_WHAT YOU HAVE TO DO_. Omit the pictures, and output the rest of the entries exactly as written.

↓

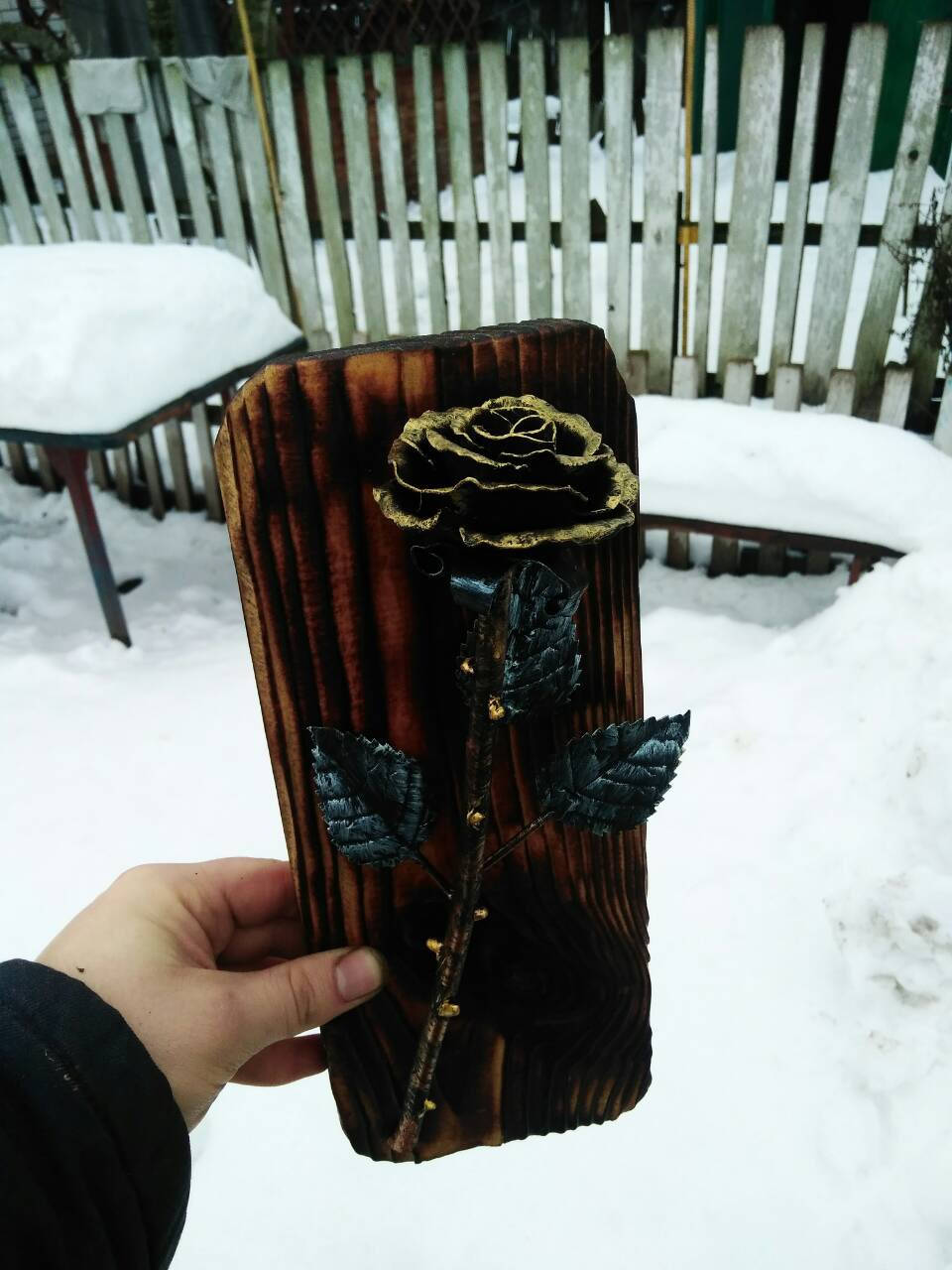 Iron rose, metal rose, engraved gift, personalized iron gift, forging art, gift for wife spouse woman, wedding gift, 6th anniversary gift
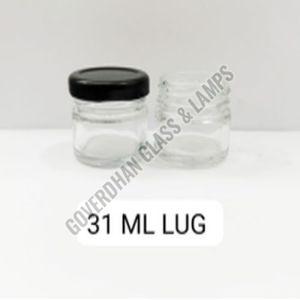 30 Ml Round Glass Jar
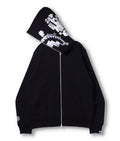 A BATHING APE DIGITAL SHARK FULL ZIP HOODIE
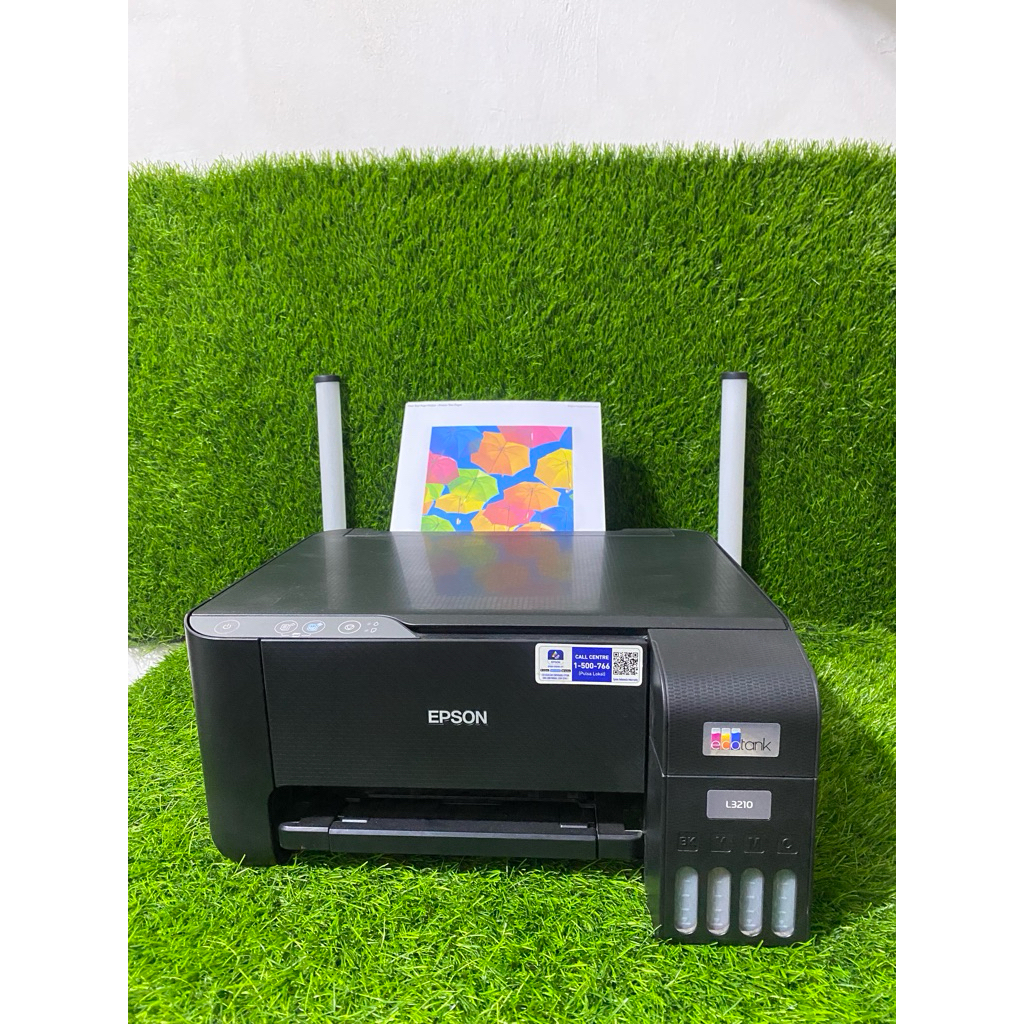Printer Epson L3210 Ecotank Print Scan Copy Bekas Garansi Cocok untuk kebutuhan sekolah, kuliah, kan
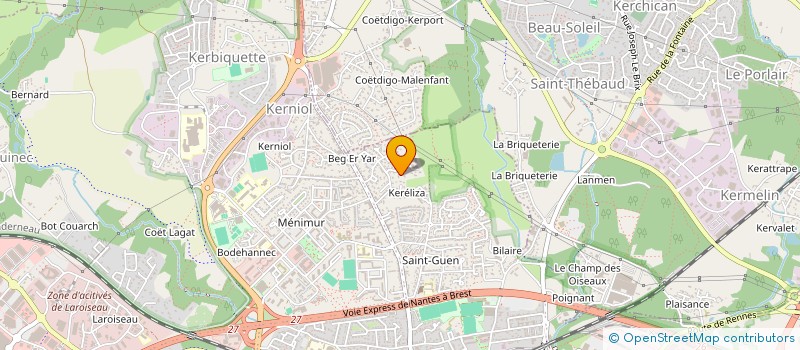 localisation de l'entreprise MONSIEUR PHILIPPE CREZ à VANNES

↑

_THE COMPLETED TASK_.
 Iron rose, metal rose, engraved gift, personalized iron gift, forging art, gift for wife spouse woman, wedding gift, 6th anniversary gift
 30 Ml Round Glass Jar
 A BATHING APE DIGITAL SHARK FULL ZIP HOODIE
Printer Epson L3210 Ecotank Print Scan Copy Bekas Garansi Cocok untuk kebutuhan sekolah, kuliah, kan
 localisation de l'entreprise MONSIEUR PHILIPPE CREZ à VANNES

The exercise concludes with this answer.